National Wild Horse and Burro Advisory Board to meet in Boise and Washington, D.C.
Meetings will be livestreamed at www.blm.gov/live
GRAND JUNCTION, Colo. – The Bureau of Land Management’s (BLM) National Wild Horse and Burro Advisory Board will meet July 9-11 in Boise, Idaho, and October 29-31 in Washington, D.C. The Board will discuss the pressing challenges of wild horse and burro management, including the number of unadopted and unsold animals in BLM facilities and the effects of overpopulation on public lands.
Both meetings will be live-streamed from 8 a.m. to 5 p.m. local time July 10-11 and October 30-31 at www.blm.gov/live. The BLM will host a site visit for the Advisory Board to a local wild horse herd management area on July 9.
The National Wild Horse and Burro Advisory Board is comprised of individuals representing a diverse range of stakeholders and interests. The Board provides advice and recommendations to the BLM as the agency carries out its responsibilities under the 1971 Wild Free-Roaming Horses and Burros Act. The law mandates the protection and management of these free-roaming animals in a manner that ensures healthy herds at levels consistent with the land’s capacity to sustainably support them as part of BLM’s multiple-use mission.
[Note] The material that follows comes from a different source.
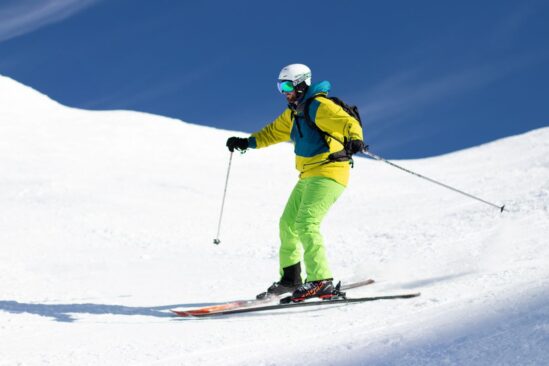 A skier struggling with a stem turn, highlighting common beginner errors in skiing technique.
As of March 1, 2019, the BLM estimated public rangelands were home to approximately 88,090 wild horses and burros in 10 Western states – the largest population estimate since the 1971 Wild Free-Roaming Horses and Burros Act was passed – and more than three times the number the habitat can sustainably support in conjunction with other authorized land uses. At the same time, the BLM continues to care for approximately 50,000 unadopted and unsold animals in its off-range corrals and pastures, costing taxpayers $50 million annually – nearly two-thirds of the Wild Horse and Burro Program annual budget.
The agendas of the upcoming meetings can be found in the June 7, 2019 Federal Register at www.federalregister.gov. More detailed agendas and materials will be posted on the BLM website at BLM.gov/WHB prior to each meeting. The July meeting will be held at the Hilton Garden Inn Downtown Boise, located at 348 S. 13th Street, Boise, Idaho 83702. The October meeting will be held at the Phoenix Park Hotel located at 520 North Capitol Street, NW, Washington, DC 20001 and at20 F Street Conference Center located at 20 F Street, NW, Suite 1000, Washington, DC 20001.
The public may address the Advisory Board on July 11 and October 31. Individuals who wish to comment should register in person with the BLM at least 30 minutes prior to the start of the public comment period on that same day at the meeting site. Depending on the number of speakers, the Board may limit the length of comments, which has been set at three minutes per person during previous meetings.
Speakers should submit a written copy of their comment to the BLM at the addresses below or bring a copy to the meeting. There will be a webcam present during the entire meeting and individual comments will be recorded. Those who would like to comment but are unable to attend may submit a written statement at least two weeks prior to the start of each meeting to: U.S. Department of the Interior, Bureau of Land Management, National Wild Horse and Burro Program, WO-260, Attention: Advisory Board, 20 M St. SE, Room 2134LM, Washington, D.C., 20003. Comments may also be e-mailed two weeks before the meeting to the BLM email@example.com. Please include “Advisory Board Comment” in the subject line of the e-mail.
For additional information regarding the meeting or to register to attend the July 9 HMA tour, please contact Dorothea Boothe, Acting Wild Horse and Burro Program Coordinator, at (202) 912-7654 or at firstname.lastname@example.org. Individuals who use a telecommunications device for the deaf (TDD) may reach Ms. Boothe during normal business hours by calling the Federal Information Relay Service at 1-800-877-8339.
The BLM manages more than 245 million acres of public land, the most of any federal agency. This land is primarily located in 12 Western states, including Alaska. The BLM also administers 700 million acres of sub-surface mineral estate throughout the nation. The BLM’s mission is to sustain the health, diversity, and productivity of America’s public lands for the use and enjoyment of present and future generations.